![DeepSeek Coder](https://github.com/deepseek-ai/DeepSeek-Coder/blob/main/pictures/logo.png?raw=true)

[\[Homepage\]](https://www.deepseek.com/) | [\[ Chat with DeepSeek Coder\]](https://coder.deepseek.com/) | [\[Discord\]](https://discord.gg/Tc7c45Zzu5) | [\[Wechat()\]](https://github.com/guoday/assert/blob/main/QR.png?raw=true)

* * *

### [](#1-introduction-of-deepseek-coder)1\. Introduction of Deepseek Coder

Deepseek Coder is composed of a series of code language models, each trained from scratch on 2T tokens, with a composition of 87% code and 13% natural language in both English and Chinese. We provide various sizes of the code model, ranging from 1B to 33B versions. Each model is pre-trained on project-level code corpus by employing a window size of 16K and a extra fill-in-the-blank task, to support project-level code completion and infilling. For coding capabilities, Deepseek Coder achieves state-of-the-art performance among open-source code models on multiple programming languages and various benchmarks.

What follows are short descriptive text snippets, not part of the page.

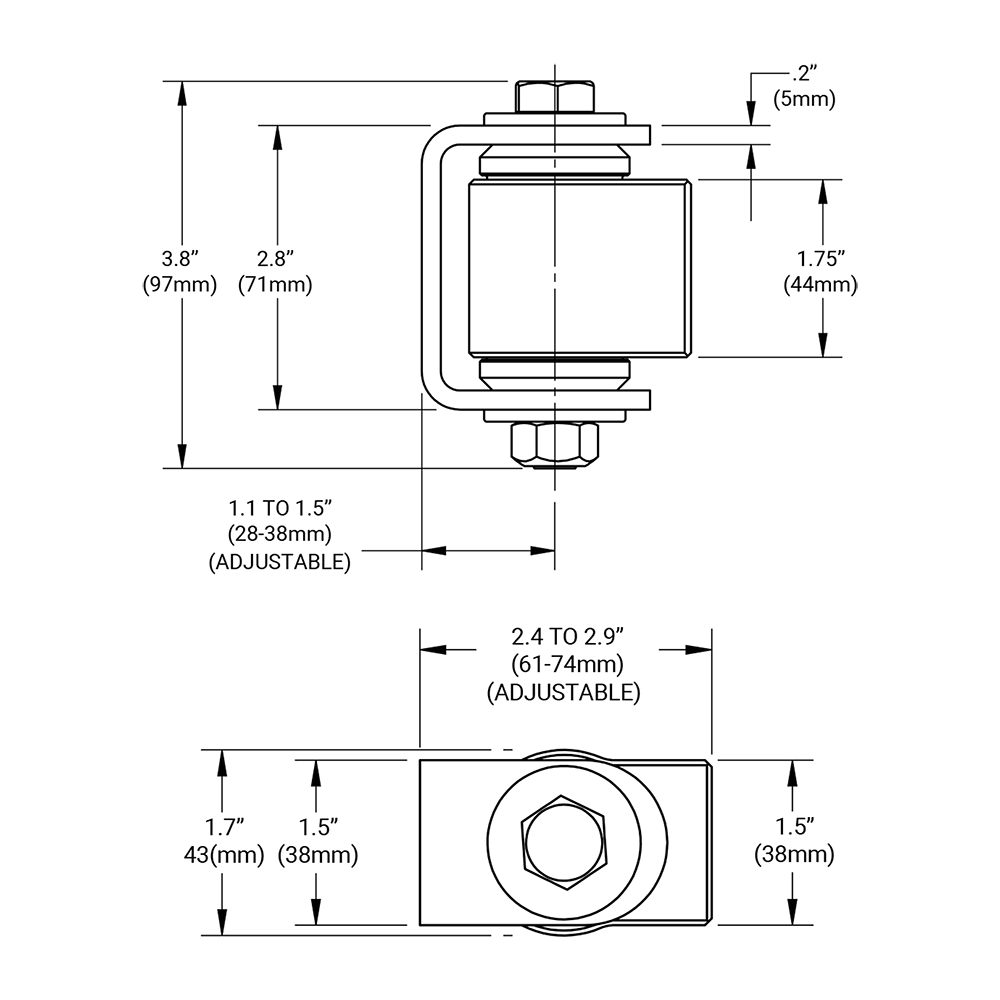 D&D CI3400 Aluminum BadAss Hinges
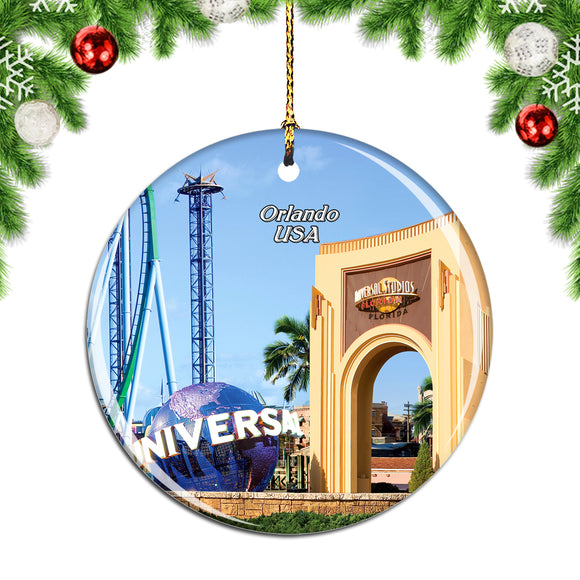 USA America Universal Studios Florida Orlando Christmas Ornament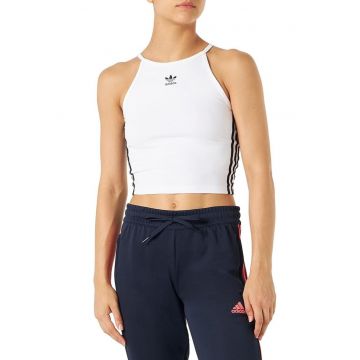 Top crop cu decolteu in stil american Adicolor Classic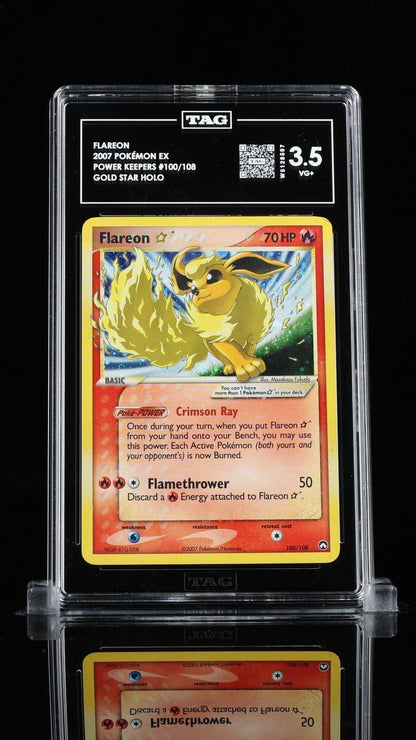 Pokemon Flareon Gold Star 100/108 Power Keepers TAG 3.5 PSA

*   **Massive Training Data**: Trained from scratch on 2T tokens, including 87% code and 13% linguistic data in both English and Chinese languages.
    
*   **Highly Flexible & Scalable**: Offered in model sizes of 1.3B, 5.7B, 6.7B, and 33B, enabling users to choose the setup most suitable for their requirements.
    
*   **Superior Model Performance**: State-of-the-art performance among publicly available code models on HumanEval, MultiPL-E, MBPP, DS-1000, and APPS benchmarks.
    
*   **Advanced Code Completion Capabilities**: A window size of 16K and a fill-in-the-blank task, supporting project-level code completion and infilling tasks.
    

### [](#2-model-summary)2\. Model Summary

deepseek-coder-1.3b-instruct is a 1.3B parameter model initialized from deepseek-coder-1.3b-base and fine-tuned on 2B tokens of instruction data.

*   **Home Page:** [DeepSeek](https://deepseek.com/)
*   **Repository:** [deepseek-ai/deepseek-coder](https://github.com/deepseek-ai/deepseek-coder)
*   **Chat With DeepSeek Coder:** [DeepSeek-Coder](https://coder.deepseek.com/)

### [](#3-how-to-use)3\. How to Use

Here give some examples of how to use our model.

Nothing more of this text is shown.